For a straight line it is indeed very easy: constant speed means zero acceleration !
For a curved trajectory I would think the tangential acceleration at constant speed is zero, so I agree your v²/R is the right answer for this exercise. v is known, so all that remains is to find R at (10,5). We need some equation for that. Any ideas ?

 

[Raghav Gupta]

so all that remains is to find R at (10,5). We need some equation for that. Any ideas ?

I saw a unusual formula. From where it has come I don't know.
Can you help on that?
$\frac{1}{R}$ =$\frac{d^2y/dx^2}{[1+(dy/dx)^2]^{3/2}}$

 

[BvU]

I can help on where it comes from: a simple google search brings us here :)

 

[Raghav Gupta]

I can help on where it comes from: a simple google search brings us here :)

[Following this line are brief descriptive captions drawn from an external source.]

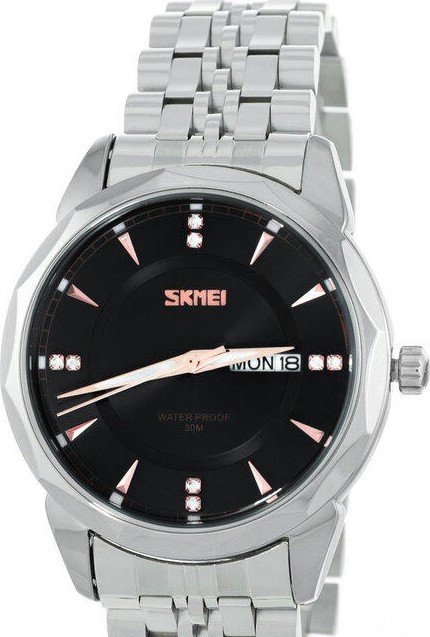 Skmei 9268SIBK silver black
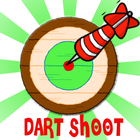 Dart Shooter Free أيقونة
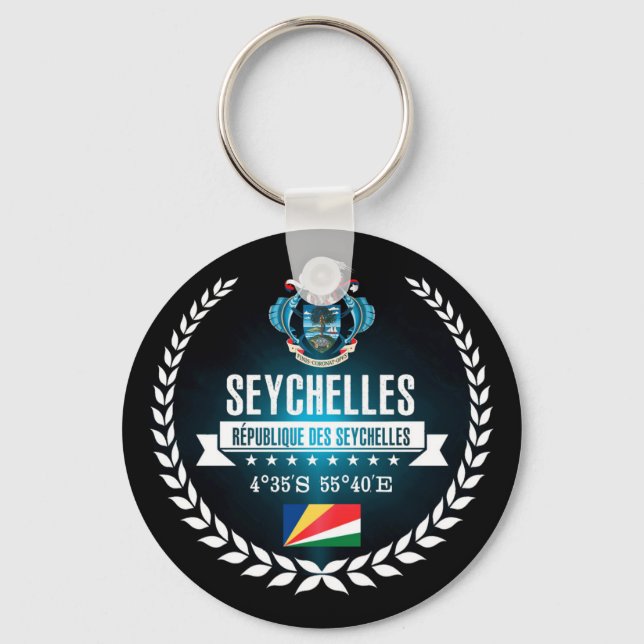 Seychelles Key Ring (Front)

Thanks, But in the link only formula is given with some description.
Can you provide a derivation of it by some link or by yourself?

 

[BvU]

Yes. Google "radius of curvature equation derivation" and end up here or here. :) I like the second one.

 

[Raghav Gupta]

I also liked the second link.:) Gave the derivation in a nice way. Now the question could be solved by plugging in values in formula .
Only one question that remains is that how according to second link you have provided Curvature or kappa is inverse of radius?

 

[BvU]

Curvature is the better word, I suppose. We associate radius with a circle. They show k = 1/R on page 5.

 

[ehild]

You can solve the problem by yourself, by applying the chain rule.
The equation of the path is given, y=x²/20
You know that the components of the velocity are the time-derivatives of the coordinates. v_x=dx/dt, v_y=dy/dt. Apply chain rule to find v_y in terms of v_x: v_y=2x/20 dx/dt = x/10 v_x.
The magnitude of the velocity is given |v|=6, so v_x²+v_y²=36. Find vx in terms of x from here.
Once you know v_x and v_y , apply the chain rule again to derive the components of acceleration. Substitute the given coordinates and find the magnitude.

 

[Raghav Gupta]

Curvature is the better word, I suppose. We associate radius with a circle. They show k = 1/R on page 5.

Thanks BvU for giving wonderful link for derivation of curvature by differential geometry.

You can solve the problem by yourself, by applying the chain rule.
The equation of the path is given, y=x²/20
You know that the components of the velocity are the time-derivatives of the coordinates. v_x=dx/dt, v_y=dy/dt. Apply chain rule to find v_y in terms of v_x: v_y=2x/20 dx/dt = x/10 v_x.
The magnitude of the velocity is given |v|=6, so v_x²+v_y²=36. Find vx in terms of x from here.
Once you know v_x and v_y , apply the chain rule again to derive the components of acceleration. Substitute the given coordinates and find the magnitude.

Thanks ehild for showing me another way.
Though it is a lengthy method comparing with curvature formula
but is elegant because I think many do not know the curvature formula by differential geometry.